» **INSTRUCTIONS FOR THE TASK**:
A faithful copy of all the entries is required, with no pictures in it.

(Short web captions)
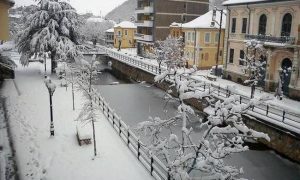Καιρός – Live Cam: Ξεκίνησαν οι χιονοπτώσεις… Στα λευκά η Φλώρινα (photo+video)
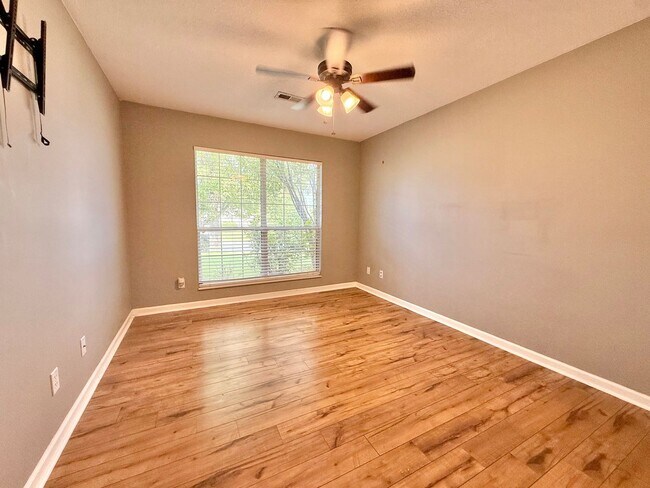 Building Photo - 1105 Mercer Dr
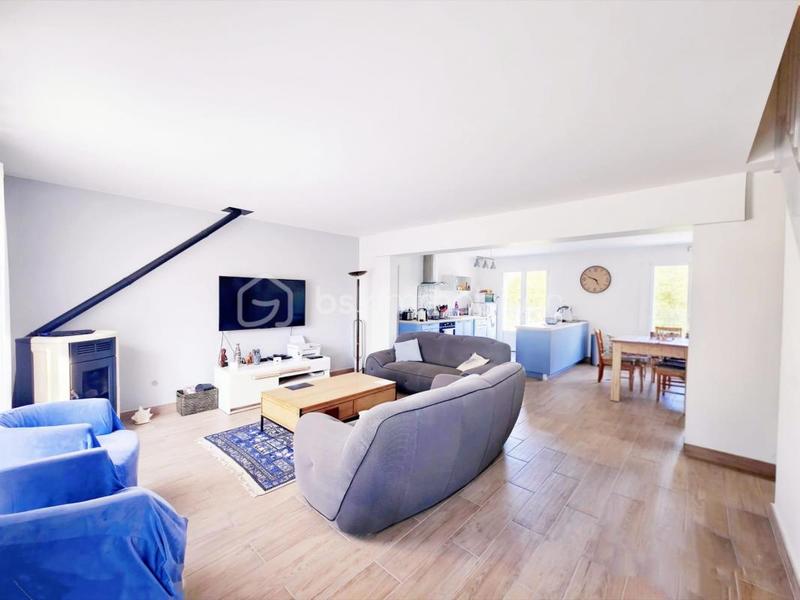 Maison traditionnelle - 141 m² - 6 pièces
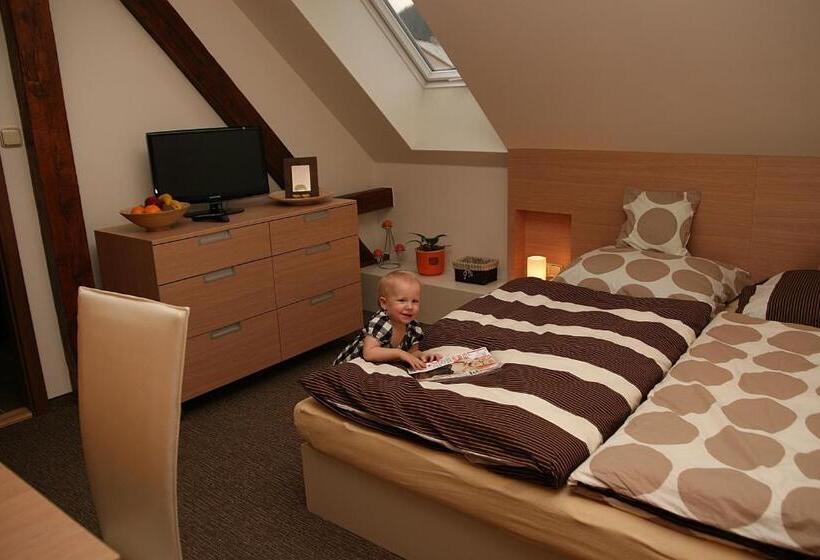 شقة غرفة واحدة, Penzion A Relax Centrum Andělka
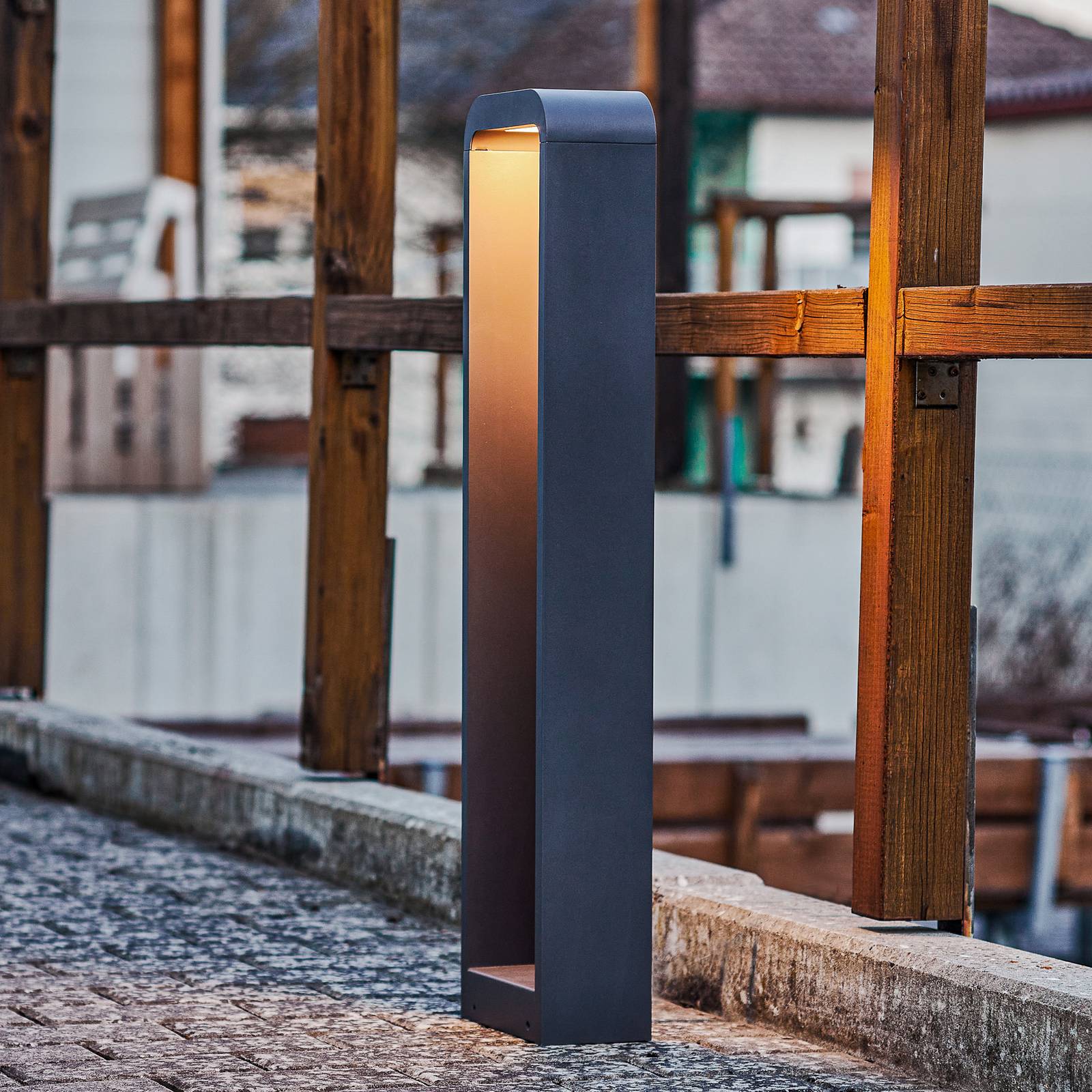 foto del prodotto lindby lampione a led emima, 80 cm, antracite, alluminio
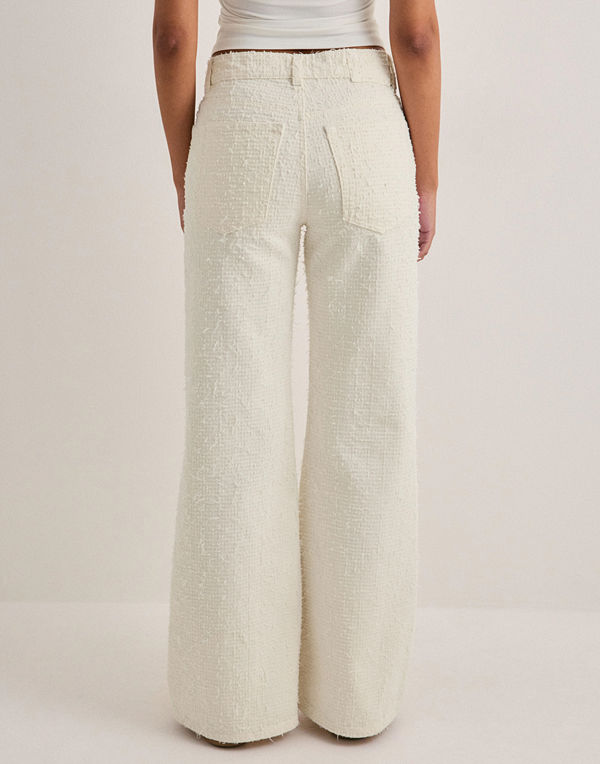 Nelly Loose Flare Textured Jeans - Vit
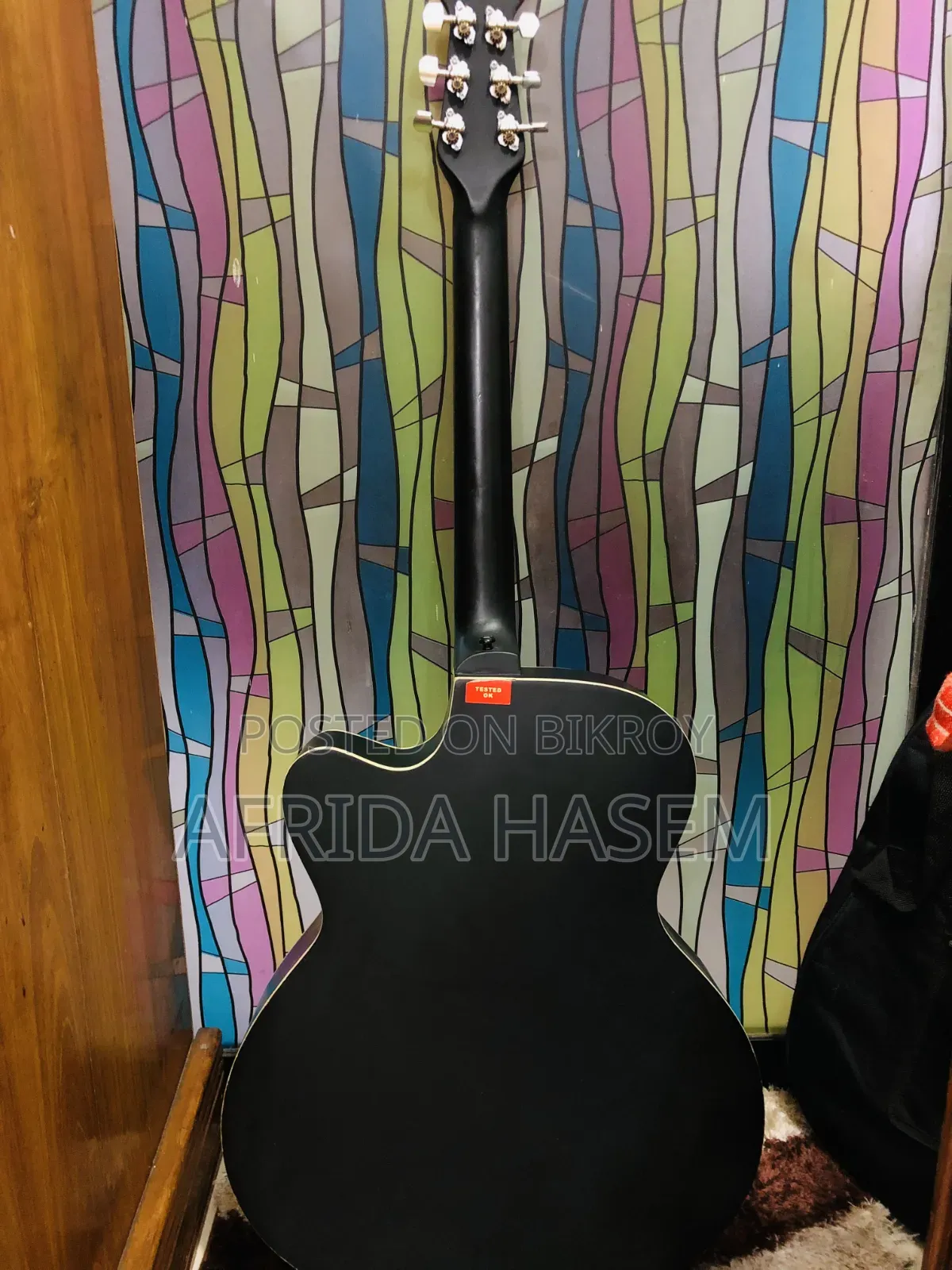 সিগনেচার অ্যাকোস্টিক গিটার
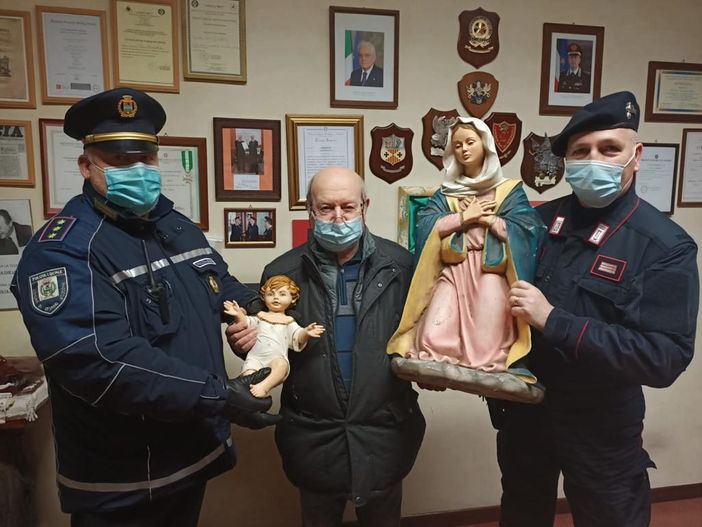 Cesano Boscone: recuperate due statue del Presepe rubate a Natale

» **RESPONSE FOR THIS EXERCISE**:
Καιρός – Live Cam: Ξεκίνησαν οι χιονοπτώσεις… Στα λευκά η Φλώρινα (photo+video)
 Building Photo - 1105 Mercer Dr
 Maison traditionnelle - 141 m² - 6 pièces
 شقة غرفة واحدة, Penzion A Relax Centrum Andělka
 foto del prodotto lindby lampione a led emima, 80 cm, antracite, alluminio
 Nelly Loose Flare Textured Jeans - Vit
 সিগনেচার অ্যাকোস্টিক গিটার
 Cesano Boscone: recuperate due statue del Presepe rubate a Natale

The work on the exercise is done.